We were hot for about a month and she wierded out on me, really bizarre behavior and even attempted suicide by eating a bottle of Gelprin(asprin). 

Work turned ugly, her dad grew to hate me but I was nothing but nice to the girl, she was the nut job. Luckily she and then her dad ended up leaving the business so that turned out OK.

And then.....twenty fives years later her son married my good friends daughter. I didn't recognize anyone until they introduced the families at the reception, then it was a WOW moment. I spoke with her for a few minutes but she was so sloppy drunk I couldn't wait to get away.


----------



## Personal (Jan 16, 2014)

RandomDude said:


> Did you meet your SO at work?


Yes



> Are you working with your SO right now?


No



> What was your first date like?


We'd started going to lunch together, a few times a week, I asked her to do that in the first place, yet I didn't push since she said she was with another guy (it wasn't serious), and I was dating another woman briefly as well.

Then on the day of our first date, my wife started acting a bit nervous. Which she followed by asking me if I would like to go to lunch with her that day, but not as work mates, instead explicitly as a proper romantic date together. So I said yes, and her idea of a date was to drag me to a protest rally (about something?) in a big park in the CBD.

Anyway because she said it was a date there was some tension and excitement. So after walking up there, with me being me, I was a bit dismissive of the protest she dragged me to. So when I found a woman who was handing out balloons for the protest, I took several and started sucking the helium out of them, making fun of the event. While also encouraging her to suck the helium and talk as well, since she'd never done that before.

Then as our time was running out we kissed each other a bit. So I asked her if she was up to carrying on later in the evening when work was finished. And since she said yes we had our 2nd date when work finished. So we walked around the city, chatted, had fun, and I took her to a game arcade and we played computer games together. We also went to a cafe and got a feed, had a couple of drinks.

Then we saw Trainspotting together at the cinema (and we both loved that film). Now since our day didn't start out with plans to go on an evening date in winter, she was getting cold so I gave her my suit jacket to wear, while I froze my behind.

We then ended up at hers, catching a bus so it took 15 minutes, and we spent the night talking heaps, heavy petting (no sex since she didn't want me to find out she hadn't shaved her legs). And we then went to sleep together in her bed. And in the morning we went to work together (catching the train) with me in the clothes I wore to work the day before.

Also on her asking me out on our first date. She later told me, I was the first guy she'd ever asked out and I was the only man she'd dated who was shorter than her (she's 5'7" without shoes on). She also said she asked me, to get to me before another woman from another floor asked around our office if I was available. And finally she has also said, that if I wasn't really good looking (then), she wouldn't have asked me out either.
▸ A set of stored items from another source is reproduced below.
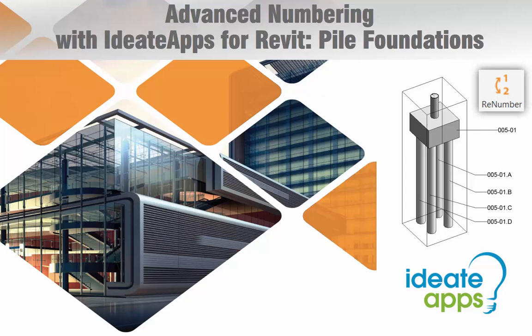Hello and welcome to Advanced Numbering with ID8 Apps for Revit. My name is Glynis Patterson of ID8 Software. Thanks for joining me today.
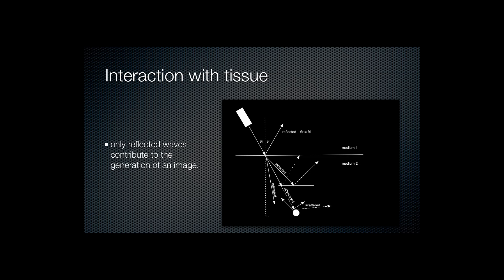So if the ultrasound beam is off axis to the interface, the reflections will pass off and not be detected by the ultrasound probe. So it's important to have the right incident angle.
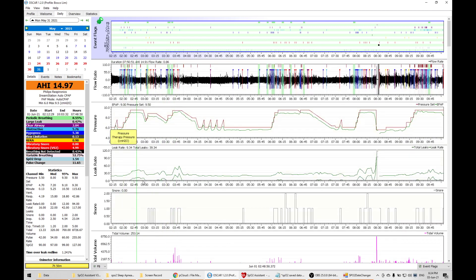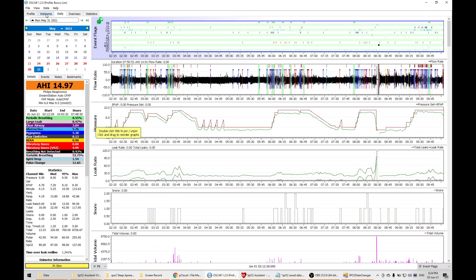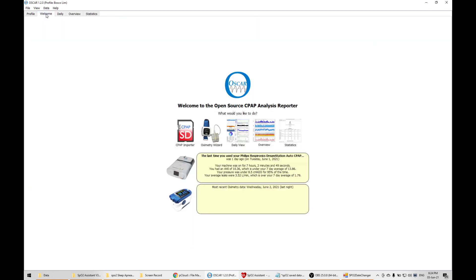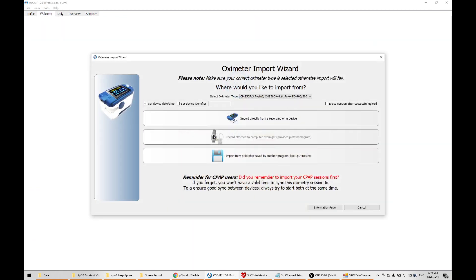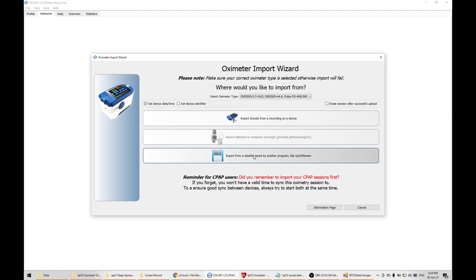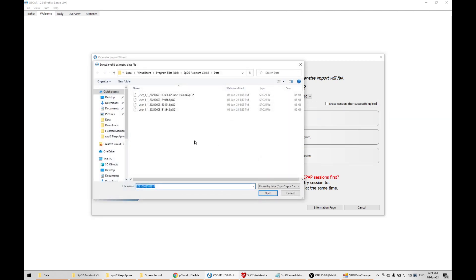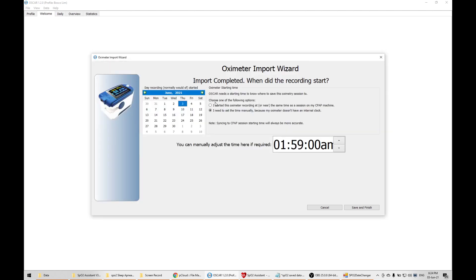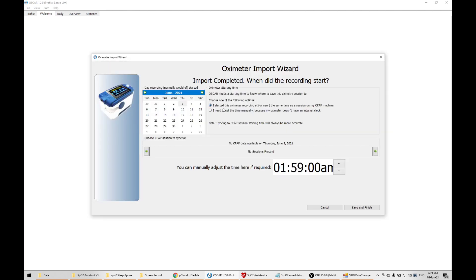You actually start the CPAP machine with your device at the same time. I started the oximetry recording near the same time, so it matches with the same time.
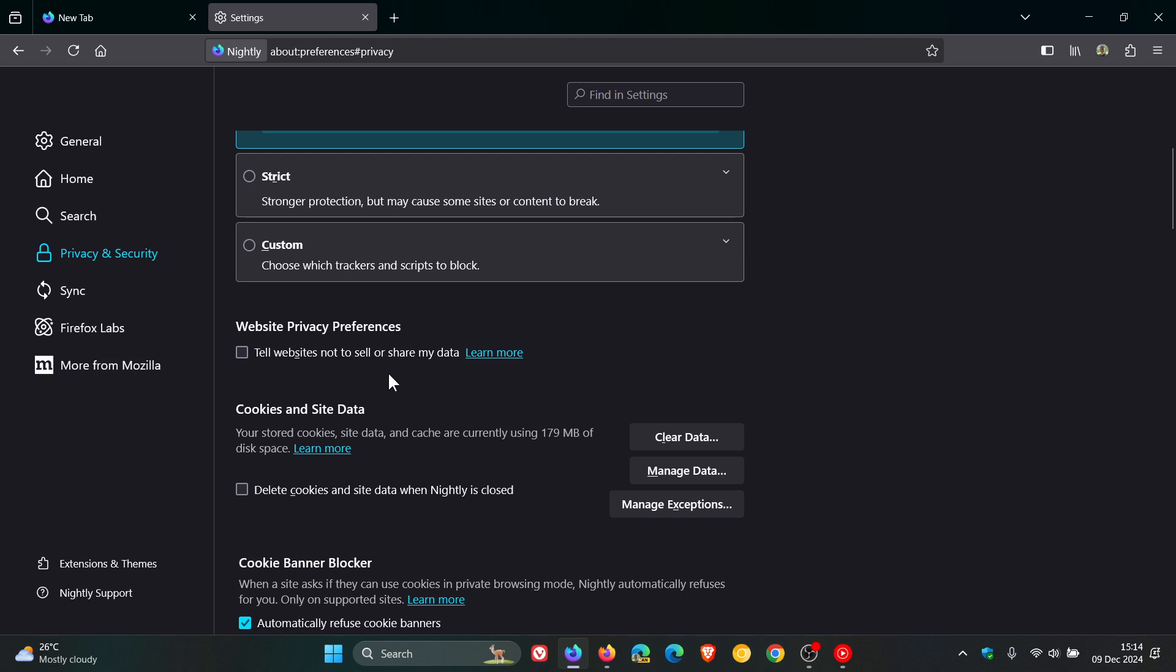So basically, Mozilla, while they've done this, they say it's not an effective privacy measure anymore, because they say a lot of websites just ignore a do not track request. And they say this officially, and I'm quoting, starting in version 135, the do not track checkbox will be removed. Many sites do not respect this indication of a person's privacy preferences, and in some cases, it can reduce privacy. And we've actually spoken about that previously on the channel.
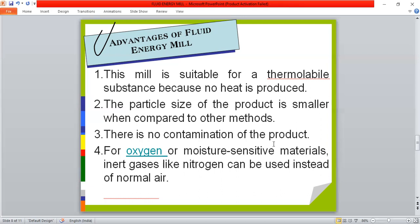There is no contamination of the product; contamination chances are negligible because the machine is completely packed and no contamination is generated inside. All particle series are separate — there is a separate collecting bag and cyclone separator — so material can be safely collected and stored. For oxygen and moisture-sensitive materials, an inert gas like nitrogen can be used instead of normal air, so that no contaminating gas affects the material properties.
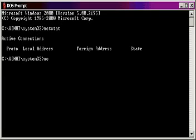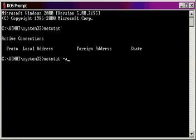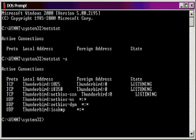Now, when you do a Netstat and you give it the slash or hyphen A, it's going to show you more connections. This is just showing you all the main connections — there's not a lot. That system is not really connected and doing much of anything right now.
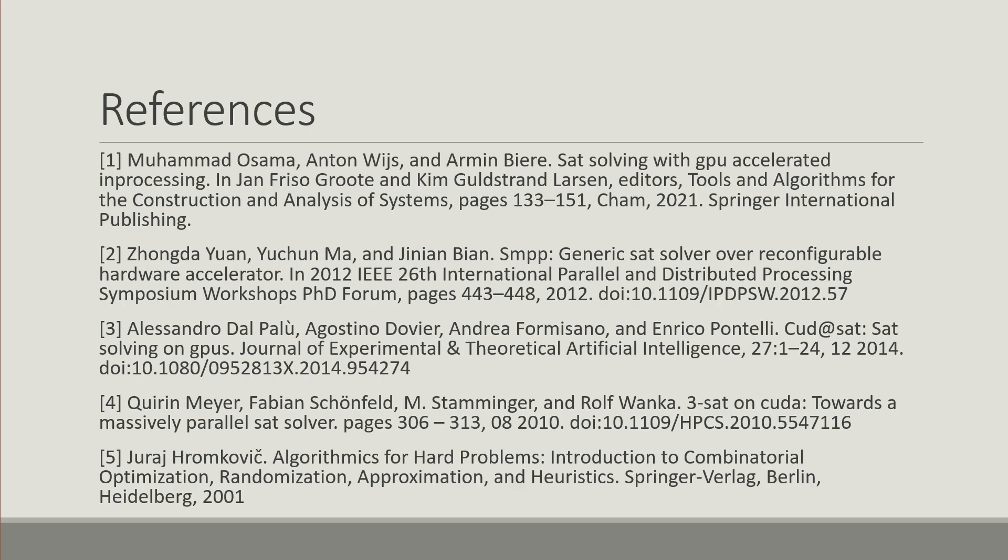Thank you very much for your attention and big thanks to the organizers for organizing this doctoral program. Thank you.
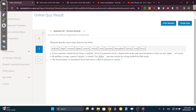In any container, a liquid always forms a uniform level — a liquid settles at the same level irrespective of the shape or type of vessel. By pulling a syringe, a partial vacuum is created. The higher pressure outside the syringe pushes the fluid inside. The bicycle pump is a mechanical device that moves a fluid by pressure or suction.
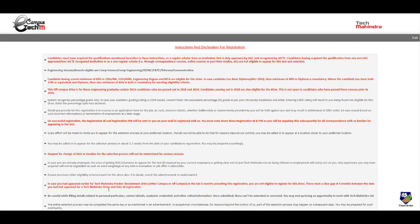Most important point: if you have appeared for any of the Tech Mahindra fresher recruitment drives in last six months in your campus or off campus then you are not eligible to register for this drive.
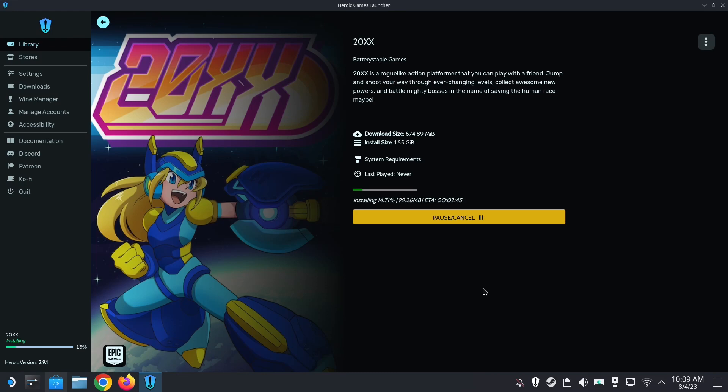We're installing these games to our Steam library. And once you've installed them, you can add a shortcut so that in game mode you can just launch it like a Steam game.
Oh and she thought I was like no man she'd ever met, and she liked that.

I said yes because she was really sexy and hot and I had fun hanging out with her.



> How did it feel seeing each other at work after dating?


We came to work together after the first date. And since I lived further away in the early days I quickly started bringing a toothbrush and some clothes to hers.



> After sex?


It felt good, it certainly led to a lot more shared sex and is still leading to lots of shared sex.



> Did it impact you professionally?


Not really, although we kept it a secret at work, to the point that when it came out, those who worked with us closely in our editorial office (except for our boss) were really surprised.

Plus there was one woman who was about 21, who chatted to both of us quite a bit. She stopped talking to both of us, once she found out we were an item. I think she was upset that we kept it from her, my wife thinks she had a crush on me.

In my experience working in both private and government sectors including defence, office romances are pretty common and aren't a big deal.


----------



## TexasMom1216 (Nov 3, 2021)

There are several young men at my husbands office married to the daughters/nieces of the owner. They’re all young men making WAY more money than they earn. They tell my H horror stories about the crazy they have to put up with. They’re being paid to deal with those crazy girls. They’re all beautiful and dress like streetwalkers, and their children live with the owner and his wife because it is too much work to care for a baby. I tell my H I’m sorry he didn’t marry someone with access to family money (my father cut me out, which is fine) and he says it’s better to be with my level of crazy than theirs.


----------



## ThatDarnGuy! (Jan 11, 2022)

When I graduated college, I got my first job at this crappy telecommunications company that supplied equipment to a large company. The daughter of one of the owners worked part time in accounting every Thursday and Friday from about 2-6 as she was in college. She was a hot little thing. One of the new guys didn't know who she was. 

While in the break room, he is cutting up and talking about how hot she is and how he would love to get a piece of that, etc ...... Her dad was positioned next to the break room and heard everything! He charges in yelling no one talks about my daughter like that bleep bleep bleep bleep and a lot more bleeps 😂. You can get the bleep bleep bleep bleep bleep out of here and you are done!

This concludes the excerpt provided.